Description
I am doing a model deployment, things going fine with TensorRT 8.0.1, CUDA 11.3 and ONNX model exported with opset=11. but recently I tried to upgrade to TensorRT 8.5.1.7, CUDA 11.8 and export the ONNX model with opset=16, the efficiency improves a lot.
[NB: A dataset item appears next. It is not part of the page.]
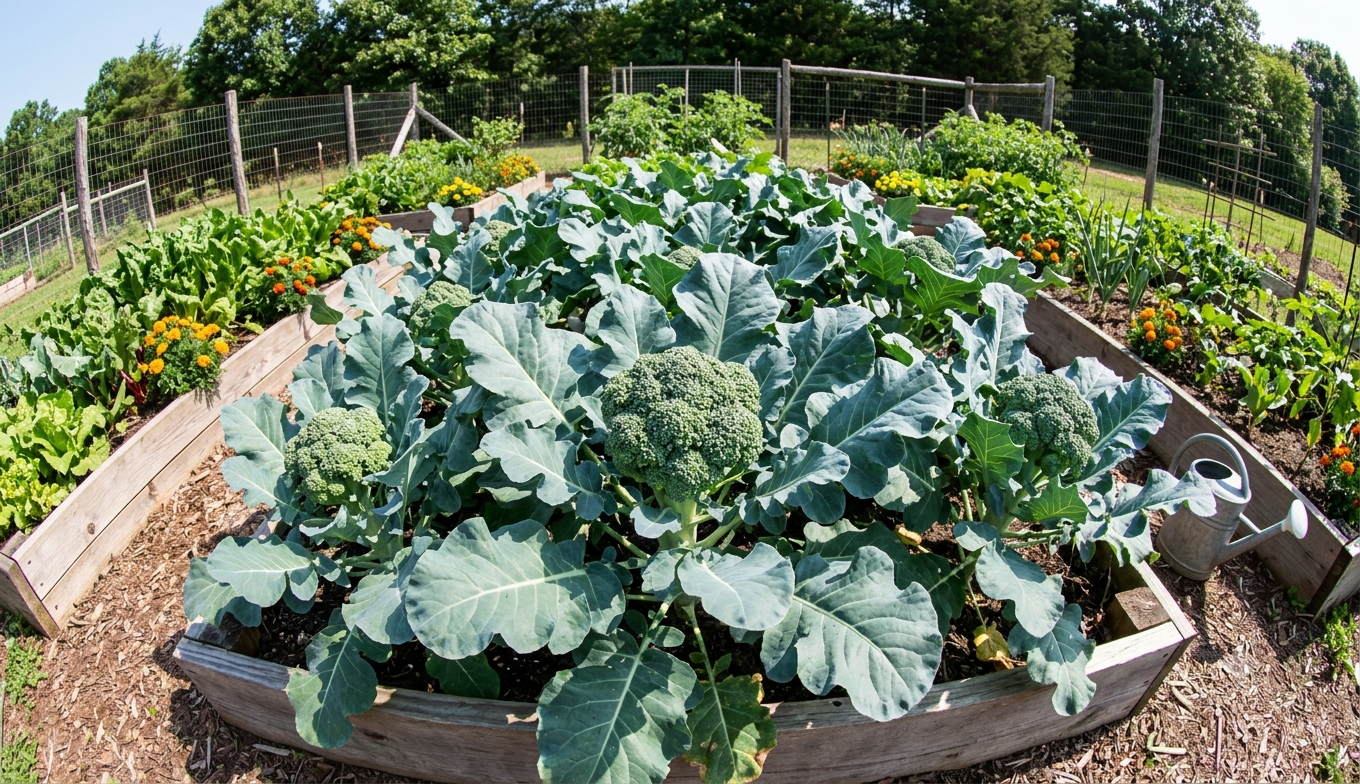 How to Grow Broccoli: Step-by-Step Guide from Seed to Harvest 2026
However, the TRT model always give the wrong result.
So I compare the output layer by layer using the Polygraphy tool, and the report says the outputs of ScatterND ops mismatched with the output from ONNX.
The wired thing is that if I just compare the last output by running the command below, the comparision will not pass.
POLYGRAPHY_AUTOINSTALL_DEPS=1 \
polygraphy run model.onnx \
--onnxrt --trt \
--save-engine=model.plan \
--atol 1e-4 --rtol 1e-4 \
--verbose \
> result-run-FP32.txt 2>&1
but if I mark all layers as output and compare all layers outputs, the comparision with just pass on the last output, with a few layers failed.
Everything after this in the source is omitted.